### What the exercise asks:
Can you copy out the data exactly? Leave the images out.

### Data excerpt:
=======

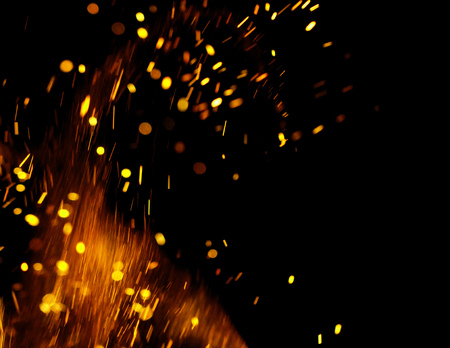 flame of fire with sparks on a black background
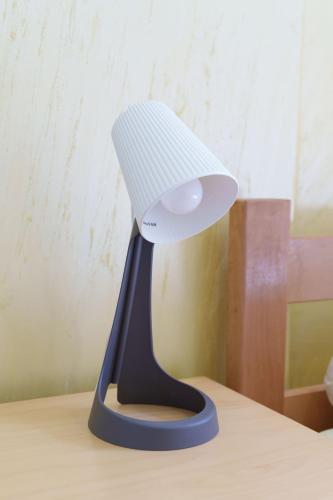 a white lamp sitting on top of a desk at Step rooms apt spa in Belgrade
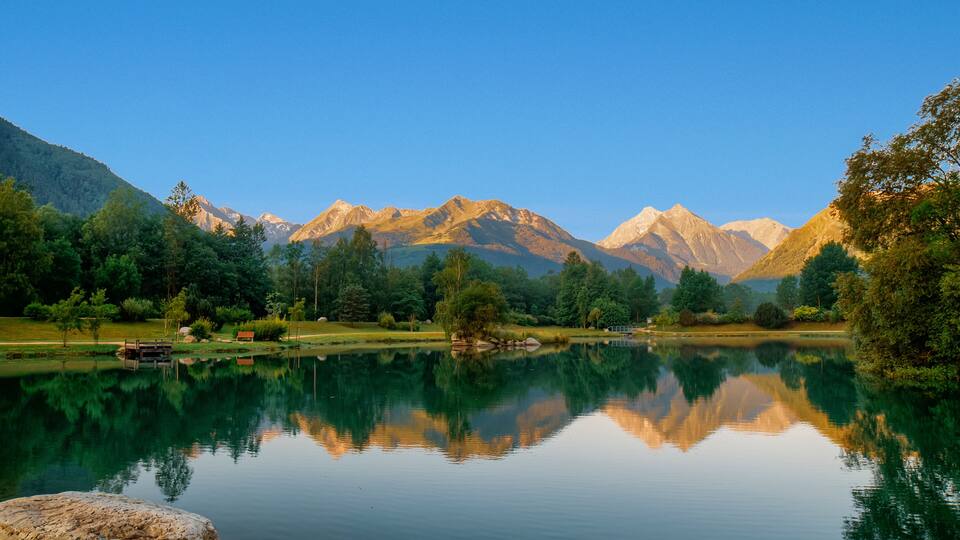 A tranquil lake with clear reflections of surrounding mountains and trees.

=======

### Exercise output:
 flame of fire with sparks on a black background
 a white lamp sitting on top of a desk at Step rooms apt spa in Belgrade
 A tranquil lake with clear reflections of surrounding mountains and trees.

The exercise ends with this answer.